31 January 2017


January 2017


Sirha 2017: a record-setting edition!

Sirha trade show 2017 edition has hosted a record-setting affluence of 208,000 professionals including 25,000 chefs, meaning 10 % more visitors compared to 2015, with a 17 % increase in number of international visitors.

The 3,000 French and international exhibitors and brands welcomed 208,000 professional visitors (+ 10 % vs 2015) seeking to discover the latest innovations and inspiration. 25,469 chefs attended the event, that welcomed 17 % more international visitors.

A crossroad of worldwide Food Service and the reference event for all professionals in the industry, Sirha 2017 has exceeded all expectations with a record attendance, and incredible business done during the show.

Boasting with life and powered by the enthusiasm and commitment of all its players, the 2017 Sirha edition has offered an amazing experience, far beyond what visitors were expecting to find.

Sirha 2017: a bubbling pool of ideas and exceptional place for sourcing

Ever more prospective and efficient, Sirha 2017 has presented more than 750 new products and services on high quality stands.

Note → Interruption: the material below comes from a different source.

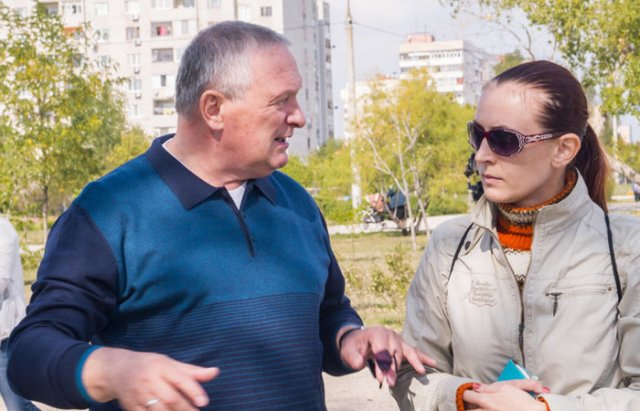 Баранов Валерий - губернатор Запрожской области и Стеблевская Елена - известаня актвистка Южного микрорайна Запорожья Баранов Валерий - губернатор Запрожской области и Стеблевская Елена - известаня актвистка Южного микрорайна Запорожья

Everything contributed to a proficient visit and elating experience for all participants, in an extraordinary atmosphere that strongly enhanced business.

Covering an exhibition surface of 132,000 m² in 2017, Sirha will further develop its offering from 26 to 30 January 2019 with an additional 9,000 m² thanks to the construction of a new hall.

Sirha Contests: a spirit of competition and transmission from all trades

3 new contests were introduced to further enrich the Sirha 2017 programme. The Maître d’Hôtel Trophy, Best Young International Bakers contest and Global Young Chefs Challenge naturally found their place at Sirha. These new contests add to an already rich programme representative of all the trades in the commercial and collective food service sector.

Contest podiums/winners

Bocuse d’Or

For the first time ever in the history of the contest, USA has imposed its supremacy in Lyon after 5 hours and 35 minutes of tests. Created in 1987 by Paul Bocuse, the most prestigious cooking contest in the world celebrated its 30th anniversary this year. Norway won Silver Bocuse followed by Iceland for the Bronze Bocuse.

Press release Bocuse d’or

Coupe du Monde de la Pâtisserie

As in 2013, its last participation, France wins the Coupe de Monde de la Pâtisserie – the international reference event in the trade created in 1989 by Gabriel Paillasson its president founder. The Silver Medal was awarded to Japan and the Bronze Medal to Switzerland.

Press release Coupe du Monde de Patisserie

International Catering Cup

The Swiss team win the Gold Trophy and title of « Best International Catering Cup Caterer» followed by the French team for Silver and Singapore team for the Bronze Trophy. 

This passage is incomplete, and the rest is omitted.